The extradition treaty between the United States and Switzerland, however, does not bar the extradition of Swiss nationals who assisted U.S. nationals in the commission of criminal tax evasion, and it is time to test the Swiss government’s professed willingness to cooperate with international tax enforcement efforts and put an end to its nationals participating in criminal tax offenses.  While Article 3 of the U.S.-Swiss treaty provides some discretion to the Swiss government to deny U.S. extradition requests related to tax offenses, that discretion is limited.  The treaty states that it can “not be used to shield from extradition underlying criminal conduct, such as fraud …or falsification of public documents.”  At least some of the charges in the indictments filed against Swiss bankers and intermediaries appear to meet that standard.  Additionally, Article 8, which provides an exception to extradition requests that name a treaty partner’s nationals, is limited to circumstances where “[t]he Requested State [Switzerland] … has jurisdiction to prosecute that person for the acts for which extradition is sought.” Switzerland does not consider tax evasion a crime, and therefore cannot prosecute such cases, which means the Article 8 exception should not apply to U.S. extradition requests to Switzerland for cases related to tax evasion.  

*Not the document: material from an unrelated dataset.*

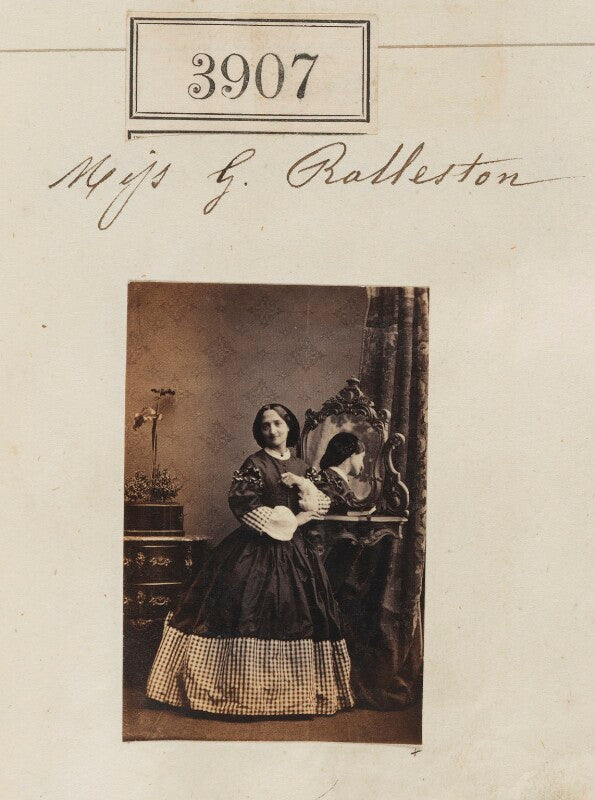 G. rollestone npg ax53292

Given that the current treaty does not foreclose the cooperation of the Swiss government in extradition requests for tax cases, we urge DOJ to at least attempt to use the authorities laid out in that treaty.  Even if a request is unsuccessful, it will inform both Switzerland and its citizens that the United States is ready to make full use of available legal tools to stop facilitation of U.S. tax evasion and hold alleged wrongdoers accountable. 
Thank you for your attention to this matter.